Many of the leading approaches in language modeling introduce novel, complex and specialized architectures. We take existing state-of-the-art word level language models based on LSTMs and QRNNs and extend them to both larger vocabularies as well as character-level granularity. When properly tuned, LSTMs and QRNNs achieve state-of-the-art results on character-level (Penn Treebank, enwik8) and word-level (WikiText-103) datasets, respectively. Results are obtained in only 12 hours (WikiText-103) to 2 days (enwik8) using a single modern GPU.

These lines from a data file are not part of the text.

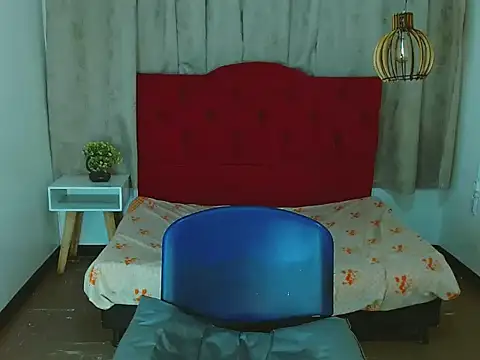 luisa  torres online show from 09/19/25, 03:32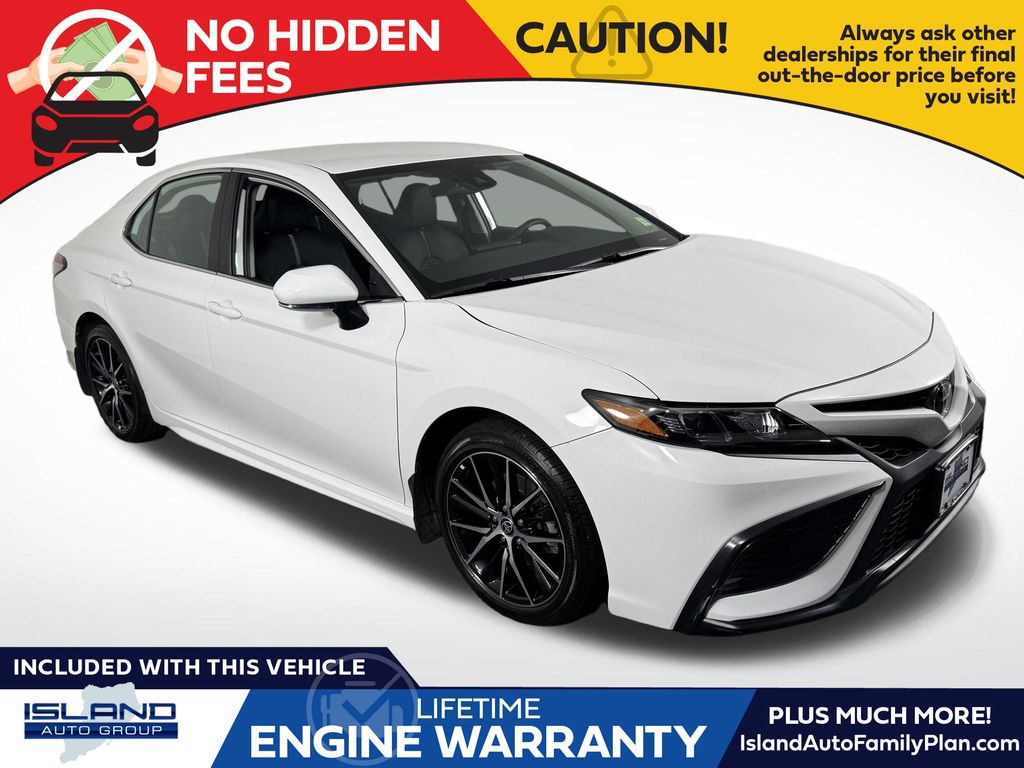 Ice Cap 2024 Toyota Camry Sedan Front-Wheel Drive 8-Speed Automatic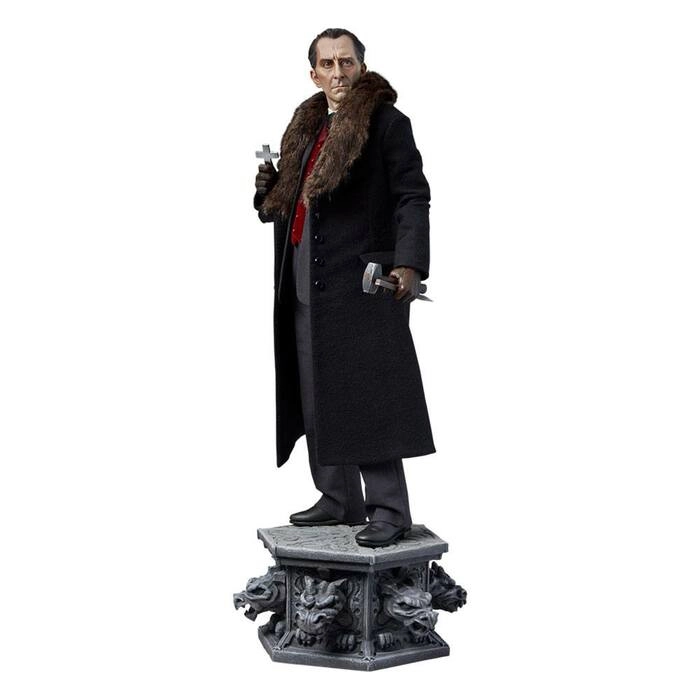 DRACULA - Van Helsing Peter Cushing Premium Format Figure 1/4 Statue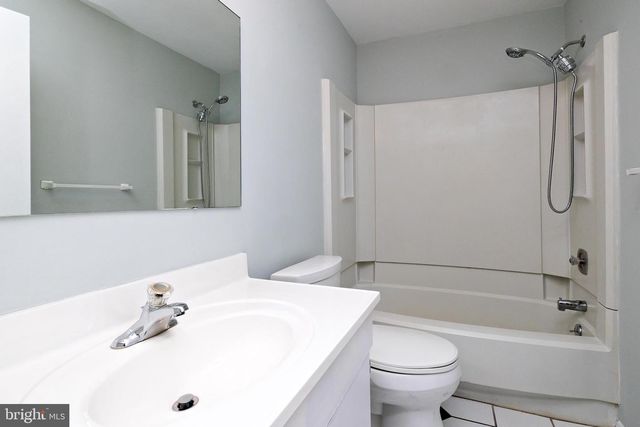 211 WOODHOLLOW DR, Marlton, NJ 08053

| Task | Dataset | Metric | Value | Model |
|---|---|---|---|---|
| Language Modelling | Penn Treebank (Character Level) | Bit per Character (BPC) | 1.175 | 3-layer AWD-LSTM |
| Language Modelling | Penn Treebank (Character Level) | Bit per Character (BPC) | 1.187 | 6-layer QRNN |
| Language Modelling | WikiText-103 | Test perplexity | 33 | 4 layer QRNN |
| Language Modelling | WikiText-103 | Validation perplexity | 32 | 4 layer QRNN |
| Language Modelling | Hutter Prize | Bit per Character (BPC) | 1.232 | 3-layer AWD-LSTM |
| Language Modelling | enwik8 | Bit per Character (BPC) | 1.232 | AWD-LSTM (3 layers) |